The prosecution opposes the sentence because it would not punish Chauvin for depriving the 14-year-old of his civil rights. The 14-year-old, whose name is John Christopher Pope, Jr., is suing Chauvin and six other officers in federal court for depriving his civil rights.
Chauvin was convicted of state murder and manslaughter charges for Floyd’s murder in April 2021 and is currently serving a 22-and-a-half-year sentence at Minnesota Correctional Facility-Oak Park Heights. He would serve the federal sentence concurrently with his state sentence, most likely in federal prison.
Judge Magnuson has not yet decided when co-defendants J. Alexander Kueng, Thomas Lane, and Tou Thao would be sentenced.

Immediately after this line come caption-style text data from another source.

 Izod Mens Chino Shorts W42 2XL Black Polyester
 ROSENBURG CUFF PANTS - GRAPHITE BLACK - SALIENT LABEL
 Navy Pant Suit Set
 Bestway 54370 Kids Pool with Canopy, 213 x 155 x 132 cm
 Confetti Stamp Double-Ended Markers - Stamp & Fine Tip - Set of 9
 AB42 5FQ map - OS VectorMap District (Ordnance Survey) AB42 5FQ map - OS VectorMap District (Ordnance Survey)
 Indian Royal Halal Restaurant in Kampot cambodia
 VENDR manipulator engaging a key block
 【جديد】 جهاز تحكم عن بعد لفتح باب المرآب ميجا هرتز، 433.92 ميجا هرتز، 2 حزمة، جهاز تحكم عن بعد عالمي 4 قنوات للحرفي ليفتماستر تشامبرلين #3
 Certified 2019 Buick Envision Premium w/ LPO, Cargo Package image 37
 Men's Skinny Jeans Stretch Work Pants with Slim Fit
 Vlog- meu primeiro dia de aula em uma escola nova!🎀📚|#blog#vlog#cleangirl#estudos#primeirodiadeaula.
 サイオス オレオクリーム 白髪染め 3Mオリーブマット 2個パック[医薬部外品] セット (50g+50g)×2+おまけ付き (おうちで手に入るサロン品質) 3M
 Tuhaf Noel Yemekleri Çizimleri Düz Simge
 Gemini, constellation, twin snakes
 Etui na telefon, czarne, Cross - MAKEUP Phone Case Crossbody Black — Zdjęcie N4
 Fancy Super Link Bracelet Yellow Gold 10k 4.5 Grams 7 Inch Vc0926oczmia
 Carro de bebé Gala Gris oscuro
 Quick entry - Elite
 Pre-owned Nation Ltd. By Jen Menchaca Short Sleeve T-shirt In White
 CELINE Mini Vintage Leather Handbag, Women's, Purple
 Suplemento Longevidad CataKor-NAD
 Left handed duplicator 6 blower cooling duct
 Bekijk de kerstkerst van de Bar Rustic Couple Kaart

Each was found guilty of depriving Floyd’s civil rights in February, with Kueng and Thao also convicted for failing to stop Chauvin.
The prosecution recommends Lane be sentenced anywhere from five and a quarter years to six and a half years and both Kueng and Thao be sentenced to more than that, no more than what Chauvin is to be sentenced to for Kueng, and no more than 25 years for Thao.
In state court, Lane pled guilty as part of a plea deal and will be sentenced on September 9. Kueng and Thao await trial, which starts with jury selection on October 24 at 9 am. The trial was originally delayed to 2023 to allow for publicity to die down but was rescheduled because Kueng’s counsel has a scheduling conflict.